YOUR ASSIGNMENT:
Every line of the material below that holds the string "Thumbnail" should be copied.

RECORDS FOR THIS TASK:
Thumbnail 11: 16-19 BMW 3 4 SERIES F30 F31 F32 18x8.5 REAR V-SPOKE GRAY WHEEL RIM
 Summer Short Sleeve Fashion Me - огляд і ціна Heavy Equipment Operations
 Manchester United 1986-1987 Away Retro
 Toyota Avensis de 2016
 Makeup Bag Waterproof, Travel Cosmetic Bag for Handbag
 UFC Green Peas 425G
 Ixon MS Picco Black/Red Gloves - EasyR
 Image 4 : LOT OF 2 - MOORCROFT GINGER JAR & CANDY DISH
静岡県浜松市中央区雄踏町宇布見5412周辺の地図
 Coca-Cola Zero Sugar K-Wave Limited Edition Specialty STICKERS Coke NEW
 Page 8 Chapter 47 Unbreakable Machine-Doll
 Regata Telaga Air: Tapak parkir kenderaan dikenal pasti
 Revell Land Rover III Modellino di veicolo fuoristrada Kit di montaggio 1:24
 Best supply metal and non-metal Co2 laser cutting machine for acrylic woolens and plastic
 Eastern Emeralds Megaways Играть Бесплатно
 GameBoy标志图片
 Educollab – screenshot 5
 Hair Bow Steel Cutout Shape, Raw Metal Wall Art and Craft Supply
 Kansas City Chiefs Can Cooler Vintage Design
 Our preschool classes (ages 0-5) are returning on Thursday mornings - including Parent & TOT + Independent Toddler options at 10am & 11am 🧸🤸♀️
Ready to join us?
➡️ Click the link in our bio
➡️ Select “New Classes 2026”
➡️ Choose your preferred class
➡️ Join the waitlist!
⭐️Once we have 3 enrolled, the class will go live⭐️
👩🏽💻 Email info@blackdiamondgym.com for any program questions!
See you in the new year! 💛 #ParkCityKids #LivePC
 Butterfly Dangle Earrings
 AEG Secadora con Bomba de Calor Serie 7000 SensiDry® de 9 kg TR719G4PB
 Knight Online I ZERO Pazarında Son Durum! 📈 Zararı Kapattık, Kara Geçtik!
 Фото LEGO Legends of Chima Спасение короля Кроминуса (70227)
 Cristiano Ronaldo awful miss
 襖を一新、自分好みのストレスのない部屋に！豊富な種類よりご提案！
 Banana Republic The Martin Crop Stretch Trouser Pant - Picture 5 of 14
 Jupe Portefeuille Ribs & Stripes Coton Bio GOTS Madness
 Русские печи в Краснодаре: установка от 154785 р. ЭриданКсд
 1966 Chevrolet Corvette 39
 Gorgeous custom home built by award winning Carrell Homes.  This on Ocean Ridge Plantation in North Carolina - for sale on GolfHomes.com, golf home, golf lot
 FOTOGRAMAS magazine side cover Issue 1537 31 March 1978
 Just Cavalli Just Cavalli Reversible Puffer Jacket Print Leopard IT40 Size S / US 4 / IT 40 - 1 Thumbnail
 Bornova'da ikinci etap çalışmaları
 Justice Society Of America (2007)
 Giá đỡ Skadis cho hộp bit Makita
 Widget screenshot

RESPONSE FOR THIS EXERCISE:
Thumbnail 11: 16-19 BMW 3 4 SERIES F30 F31 F32 18x8.5 REAR V-SPOKE GRAY WHEEL RIM
 Just Cavalli Just Cavalli Reversible Puffer Jacket Print Leopard IT40 Size S / US 4 / IT 40 - 1 Thumbnail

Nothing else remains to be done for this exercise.